A cada nova estocada da Operação Lava-Jato, a presidente Dilma Rousseff fica mais isolada. Depois da prisão do marqueteiro João Santana, responsável pelas campanhas da presidente e um de seus conselheiros políticos, as investigações chegaram perto dos condutos de recursos que abasteceram a corrida eleitoral da reeleição. A situação de sítio e de perda de iniciativa política do Planalto, que já era aguda, tornou-se muito mais grave depois que o ex-presidente Luiz Inácio Lula da Silva e o PT dispararam seu arsenal de críticas contra o governo.
As insatisfações de Lula e do PT, assim como a fraqueza da presidente Dilma, desaguaram em nova mudança nos ministérios. Depois de pressionar por uma guinada na política econômica, e obter a saída do ministro Joaquim Levy, a campanha de Lula agora detonou o ministro da Justiça, José Eduardo Cardozo, pelos piores motivos. A função de Cardozo não era defender petistas em apuros diante da Justiça nem conter a Polícia Federal, e sim garantir condições para que a PF realize investigações e que o direito de defesa dos acusados seja amplamente assegurado.
A isenção republicana de Cardozo, e também da presidente Dilma, é, além disso, a forma natural de proteger um governo politicamente acuado. Com a montanha de suspeitas e condenações que a Operação Lava-Jato já produziu, qualquer tentativa de interferência na condução do processo no Ministério Público e PF não apenas reduziria a pó a ínfima popularidade da presidente, como a colocaria mais perto do impeachment. O ponto de inflexão para Cardozo foi a aproximação das investigações de Lula, que tem condições e recursos mais que suficientes para se defender publicamente - e tem se defendido mal.
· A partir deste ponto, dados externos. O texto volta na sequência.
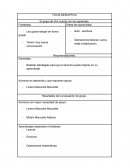 Fichas descrioptivas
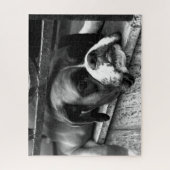 Boxer Dog On Windows Sill 16x20 520pc jpcn ジグソーパズル (縦)
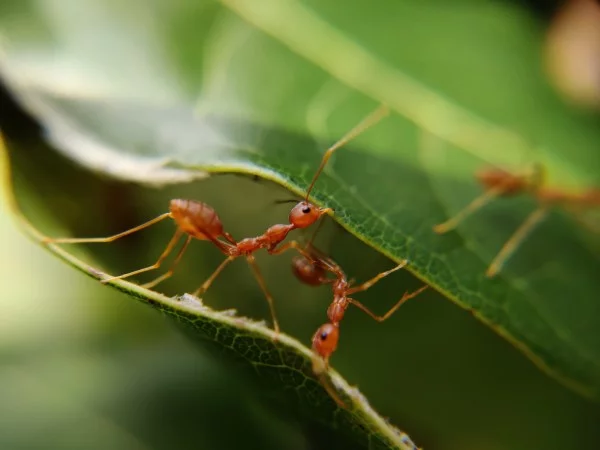 Kaffeesatz gegen Ameisen im Rasen und Garten ameisen nuetzlinge oder schaedlinge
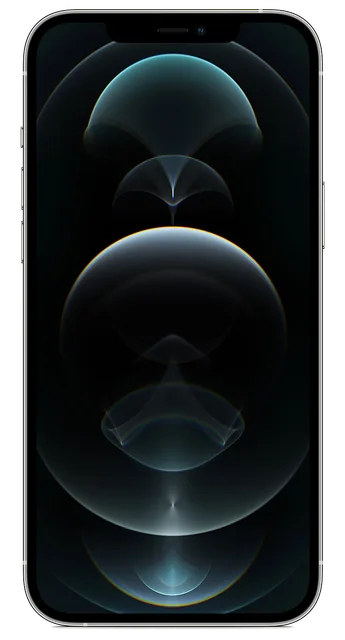 Visuel du modèle iPhone 12 Pro Max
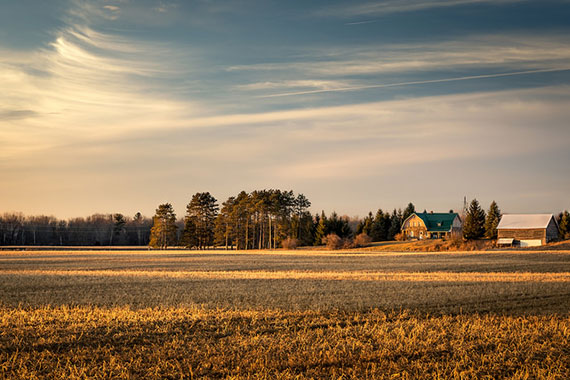 cirrus clouds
A saída de Cardozo foi feita sob pressão de Lula, que criticou sua inação diante de abusos da PF e do Ministério Público no seu caso. Com a transferência de Cardozo para a Advocacia Geral da União, o ex-presidente avançou mais sobre o governo, onde conta com o núcleo político do Planalto - Jaques Wagner, na Casa Civil e Ricardo Berzoini, na Secretaria de Governo. Wagner trouxe para a Justiça alguém de sua estreita confiança, o ex-chefe do MP na Bahia, Wellington César Lima e Silva. Suas relações com Leandro Daiello, diretor-geral da PF, indicarão se os temores de um "enquadramento" da Lava-Jato com a troca de ministros tem ou não fundamentos.
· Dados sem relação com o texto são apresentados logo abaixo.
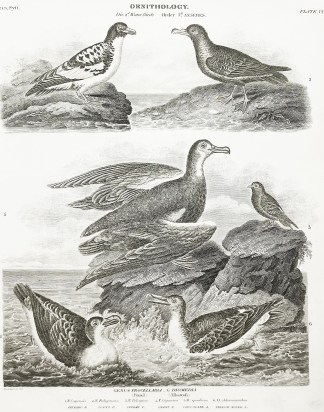 Gebus Procellaria – G Diomedia. (P… General / Global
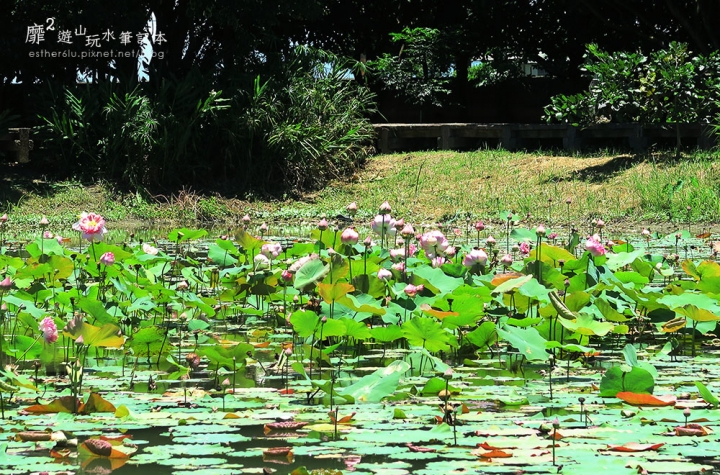 屏東~東港黑鮪魚季 崁頂公園賞蓮 華僑市場吃黑鮪魚 東隆宮 大鵬灣國家風景區 鵬灣跨海大橋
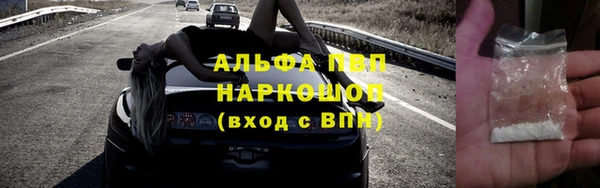 шишки Белокуриха
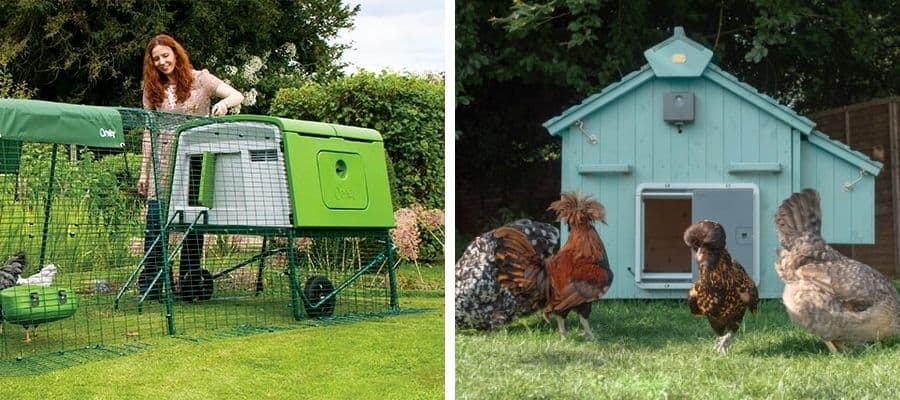 plastic vs wooden chicken coop showing plastic coop on the left and wooden coop on the right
A Lava-Jato, porém, não é o único fator a elevar muito o nível de tensão entre Lula, o PT e a presidente Dilma Rousseff. Com a imagem progressivamente corroída pela Lava-Jato, Lula, candidato à Presidência em 2018, precisa de uma guinada na economia que deixe para trás os efeitos da desastrosa política econômica do primeiro mandato. A recessão se aprofunda e leva consigo o emprego, em uma trajetória em que o crescimento só aparecerá em 2017 e, mesmo assim, tímido e vacilante. A conta política do governo Dilma, gostem ou não os petistas, será debitada em Lula, o mentor e maior cabo eleitoral da presidente.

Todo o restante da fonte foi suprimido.